The Trump Executive Order and IRS Politics

May 9, 2017
posted by Bob Bauer

President Trump’s Executive Order to relieve religious organizations of regulatory limits on their political activities came and went with little stir. It was widely seem to be lacking in content. David French, writing in The National Review, was harsher, pronouncing it “worse than useless.”

Aimed at the Johnson Amendment, the Order directs the Secretary of the Treasury not to take “any adverse action” against a 501(c) organization speaking on political issues “from a religious perspective.” But commentators correctly observed that an Executive Order cannot undo a statute, and that the Order confines its directives to actions by the Secretary “to the extent permitted by law” or “consistent with law.” Translated into its simplest terms, the Order requires the Secretary to do what he can if the law allows it, and because the law in question is the Johnson Amendment, then the President has, in effect, demanded that the Secretary ease restrictions “to the extent permitted” by the Johnson Amendment.
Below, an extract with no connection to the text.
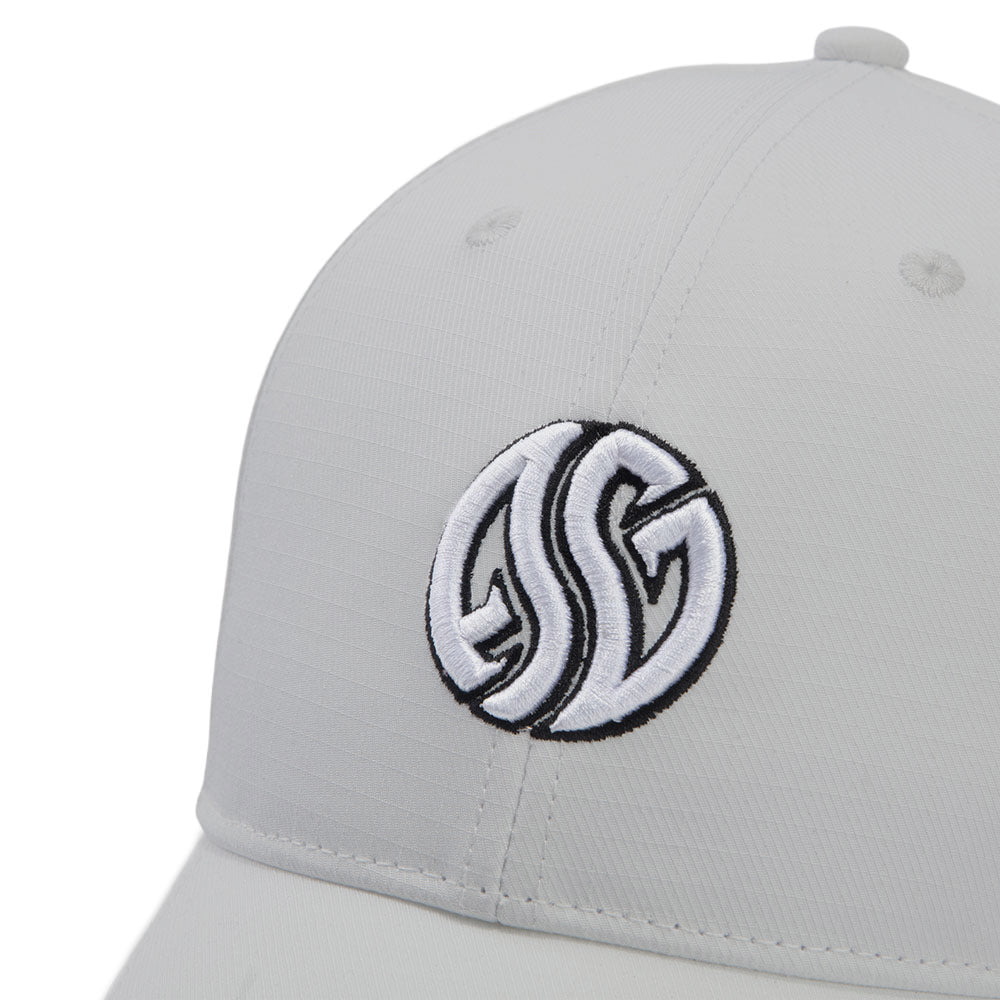 Boné Signature Aaron Gordon AG Cap | Cinza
This is an unusual way of taking on the Amendment.

But if we look beyond the murky conception behind the Order and its somewhat tortuous wording, and consider what it might mean in practice, then it seems more consequential–at least in the next four years.

As David French notes, and as anyone in the frustrated reform community will gladly affirm, the IRS has rarely enforced these restrictions. It has not wanted a battle with the churches. The Order serves to convert IRS’ inaction into formal policy. The Secretary is required to take no “adverse action against political speech “from a religious perspective”–

 Where speech of similar character has, consistent with law, not ordinarily been treated as participation or intervention in a political campaign… by the Department of the Treasury.


Of course, the IRS would defend its non-enforcement posture as “consistent with law”: how could it say otherwise? The agency would claim to have discretion to pass or act on a case, depending on the specific facts. But that means the agency could more consistently take action, resuming active enforcement. This Order cuts off that possibility. Note the use of “ordinarily”: the agency might but does not “ordinarily” enforce the restrictions, and this is deemed consistent with law. The Order then provides that the Secretary should make this “ordinary” non-enforcement the standing policy, disallowing deviation from it.

French is right, of course, that this does not change the statute: the Johnson Amendment remains. But for the next few years at least, a (c) organization is not merely taking advantage of agency discretionary restraint in the application of the Amendment’s political restrictions. Now the IRS will operate under an Executive Order that ends that discretion and establishes a controlling interpretation based on the agency’s quiescence of past years. For the time being, this does make a legal difference to this kind of political spending–at least through the President’s re-election campaign.

This is the other notable aspect of the Order. A President has sought to exercise executive authority to affect the administration of the tax code in matters involving his own political interests. Normally it is thought wise to keep partisan politics out of running of the IRS: the Republicans have had a lot to say about this. No doubt they will say that this latest presidential act is different: it is about religious liberty. But it cannot go unnoticed that the president and others in his party are also addressing a demand from an important political constituency, and that they could not have overlooked the potential political benefit to them–in grateful allies and supportive expenditures–from satisfying that demand.

And Mr. Trump has done so while leaving the Johnson Amendment in place, inviting more conflict in the future. It seems simpler to keep partisan politics out of the administration of the tax laws by taking the IRS out of the business of regulating politics.